Sometimes, you have to be content with coming in on one of nature's little dramas half-way through

Sometimes, you have to be content with coming in on one of nature's little dramas half-way through. Why, exactly, was the raven chasing the merlin, half its size, across the morning sky? Perhaps with a hijack of prey in mind, perhaps just part of the long-standing aggro between ravens and falcons, the birds they would like to have been. I watched the crow give up, predictably, and recover its dignity in a brazen change of direction.

The thing was to be out and walking in the sun, somewhere that invited you to stretch your senses. Not, for once, the strand or its rocky hinterland, but a place oddly calm, quiet and forgotten within a few minutes of town.
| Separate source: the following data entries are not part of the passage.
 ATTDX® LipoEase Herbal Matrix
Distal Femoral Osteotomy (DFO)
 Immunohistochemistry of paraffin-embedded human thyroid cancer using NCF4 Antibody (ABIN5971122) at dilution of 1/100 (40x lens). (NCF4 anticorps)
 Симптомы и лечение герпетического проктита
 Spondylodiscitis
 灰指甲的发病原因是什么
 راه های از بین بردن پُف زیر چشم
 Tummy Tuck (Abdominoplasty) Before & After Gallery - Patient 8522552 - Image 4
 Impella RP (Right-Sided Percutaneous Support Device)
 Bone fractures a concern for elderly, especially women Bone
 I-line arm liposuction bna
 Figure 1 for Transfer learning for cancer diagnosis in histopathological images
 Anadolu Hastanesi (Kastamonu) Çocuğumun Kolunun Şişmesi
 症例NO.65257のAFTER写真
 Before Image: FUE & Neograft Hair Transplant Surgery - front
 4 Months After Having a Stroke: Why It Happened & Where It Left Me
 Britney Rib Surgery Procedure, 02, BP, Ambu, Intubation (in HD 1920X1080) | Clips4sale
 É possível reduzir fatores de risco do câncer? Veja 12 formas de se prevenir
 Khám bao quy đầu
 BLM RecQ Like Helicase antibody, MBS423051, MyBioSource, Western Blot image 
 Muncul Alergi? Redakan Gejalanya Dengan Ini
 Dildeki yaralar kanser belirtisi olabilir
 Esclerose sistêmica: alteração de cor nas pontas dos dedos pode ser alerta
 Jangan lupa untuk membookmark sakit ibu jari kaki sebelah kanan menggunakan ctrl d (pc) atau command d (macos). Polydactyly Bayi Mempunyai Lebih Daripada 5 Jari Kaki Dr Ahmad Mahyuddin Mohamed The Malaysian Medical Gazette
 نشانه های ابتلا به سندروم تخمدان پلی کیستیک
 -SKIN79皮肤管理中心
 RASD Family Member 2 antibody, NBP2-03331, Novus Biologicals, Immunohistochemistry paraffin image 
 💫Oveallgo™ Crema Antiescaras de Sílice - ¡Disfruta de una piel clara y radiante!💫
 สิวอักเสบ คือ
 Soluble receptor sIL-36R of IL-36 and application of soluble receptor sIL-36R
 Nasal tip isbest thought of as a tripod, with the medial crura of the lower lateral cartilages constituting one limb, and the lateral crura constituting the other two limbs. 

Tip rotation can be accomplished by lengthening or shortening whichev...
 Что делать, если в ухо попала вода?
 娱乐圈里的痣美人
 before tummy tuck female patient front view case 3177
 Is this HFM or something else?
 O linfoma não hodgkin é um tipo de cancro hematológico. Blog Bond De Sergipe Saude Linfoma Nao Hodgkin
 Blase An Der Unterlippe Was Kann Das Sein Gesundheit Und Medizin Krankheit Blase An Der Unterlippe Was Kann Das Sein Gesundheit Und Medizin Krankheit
Turn off on a track towards the distant hills and any traffic fades quickly to a whisper behind the whins: ahead, the gentle hollow of Callacoon, the cutover bog that helped to fuel the town's hearths for centuries.

There are thousands of bogs like this all over Ireland: tracts of peatland carved into intricate bas-relief by entire communities and now largely abandoned but for a few "sausage" machines that browse the last useful levels in spring. Patterns of family ownership can be almost as blurred as the maze of banks and hollow-bogs glistening with threads of dark water. "Turbary" survives as a term in the latest Concise Oxford Dictionary ("The legal right to cut turf or peat for fuel on common ground") - how soon will eanit be offered multiple meanings on Who Wants To Be A Millionaire?

In these islands of scarred peatland, long undisturbed, too risky a terrain even for grazing sheep, a mosaic of vegetation reasserts itself, "natural" but not really authentic. As Atlantic blanket bog, Callacoon had a natural cover of moorgrass, Molinia, hummocked every few metres with bright cushions of moss.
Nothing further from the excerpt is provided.